Using the RefGetClient to interact with a Sequence Collections API
Introduction
The refget
Python package contains an object called RefGetClient
that provides a simple Python API for interacing with a remote refget server.
It is capable of interacting either with a Refget Sequences API, or a Refget Sequence Collections API.
Here, we will demonstrate how to use it to interact with a Sequence Collections API.
Tutorial
Instantiate a RefGetClient
object by giving it the base URL to the API.

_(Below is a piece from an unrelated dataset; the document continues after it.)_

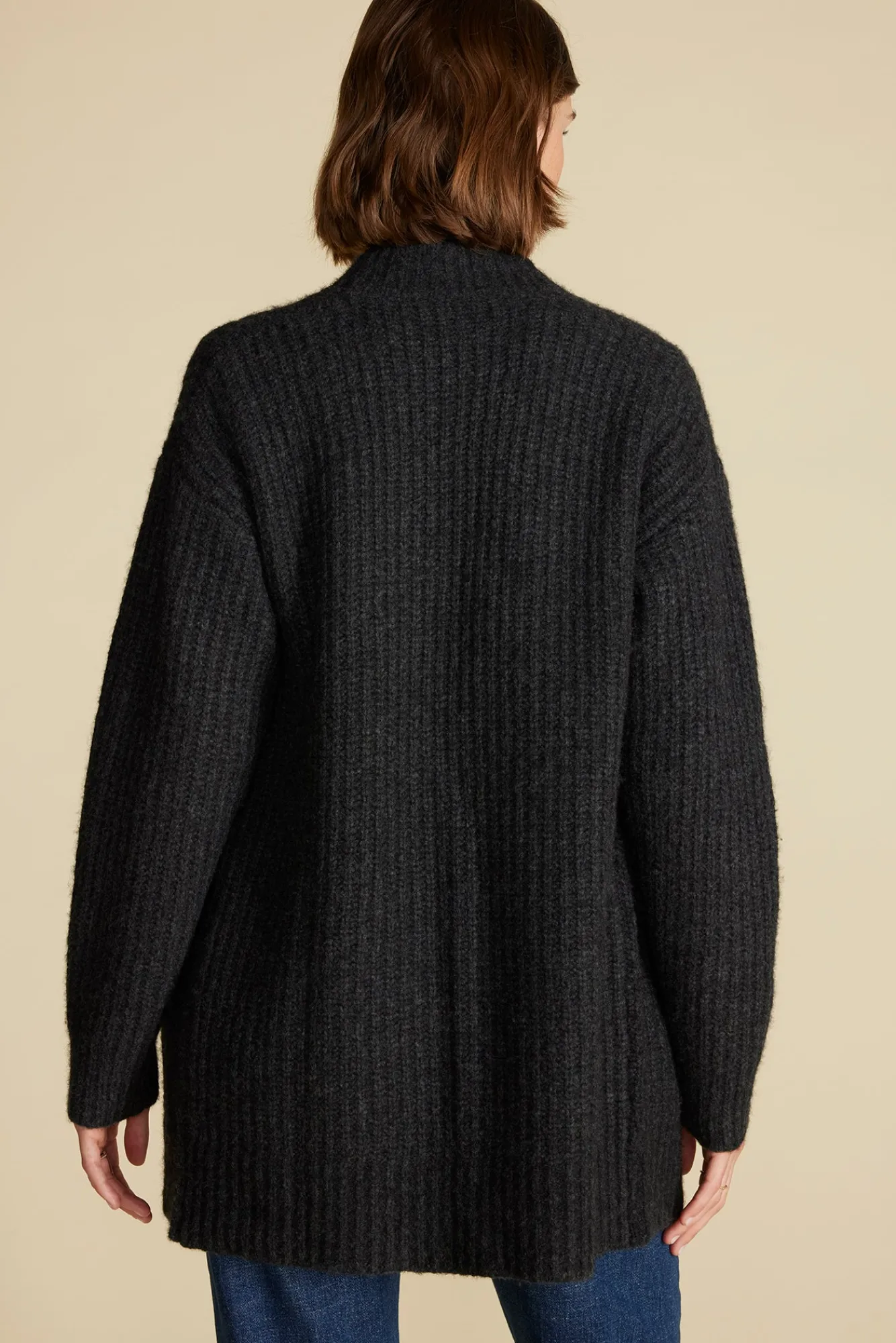 Amour Vert Jeune Relaxed Open Front Cardigan- Sweaters & Cardigans|Clearance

from refget import RefGetClient
rgc = RefGetClient() # This will use default API URLs
rgc = RefGetClient(seqcol_api_urls=["https://seqcolapi.databio.org"], seq_api_urls=None) # Use the demo seqcolapi instance
Now, you can interact with this object to run any of the API functions Check what's available
rgc.list_collections(page_size=5)
Retrieve a collection:
seqcol = rgc.get_collection("fLf5M0BOIPIqcfbE6R8oYwxsy-PnoV32")
seqcol
# {'lengths': [8, 4, 4],
# 'names': ['chrX', 'chr1', 'chr2'],
# 'sequences': ['SQ.iYtREV555dUFKg2_agSJW6suquUyPpMw',
# 'SQ.YBbVX0dLKG1ieEDCiMmkrTZFt_Z5Vdaj',
# 'SQ.AcLxtBuKEPk_7PGE_H4dGElwZHCujwH6'],
# 'sorted_name_length_pairs': ['IWFt7HQ4XoMk34U27BKO-4szSRifP6H5',
# 'chDD8A4S8YZKNNctCimHasAA2Dn596SZ',
# 'enZNOGccwFbN9yJ3YZVifFTFCVA9hIpH']}
Get a list of collections that have a certain digest for an attribute:
l = rgc.list_collections(page=1, page_size=2, attribute="lengths", attribute_digest="cGRMZIb3AVgkcAfNv39RN7hnT5Chk7RX")
List all available values of a specific attribute:
a = rgc.list_attributes("lengths", page_size=3)
Compare two sequence collections:
rgc.compare("fLf5M0BOIPIqcfbE6R8oYwxsy-PnoV32", "MFxJDHkVdTBlPvUFRbYWDZYxmycvHSRp")
Here are some other examples using a different server API:
scclient = RefGetClient(seqcol_api_urls=["http://45.88.81.158:8081/eva/webservices/seqcol"])
seqcol_1 = scclient.get_collection("3mTg0tAA3PS-R1TzelLVWJ2ilUzoWfVq", level=1)
seqcol_2 = scclient.get_collection("3mTg0tAA3PS-R1TzelLVWJ2ilUzoWfVq", level=2)
Now that you have the seqeuence digests, if you gave the client a sequences API URL, you could also retrieve the actual sequences like this (optional):
rgc = refget.RefGetClient(seq_api_urls=[]"https://www.ebi.ac.uk/ena/cram/sequence/"])
rgc.get_sequence(seqcol['sequences'][0])
Debugging
If you want, you can upgrade the logging level for debug code
_LOGGER = logging.getLogger(__name__)
_LOGGER.setLevel("DEBUG")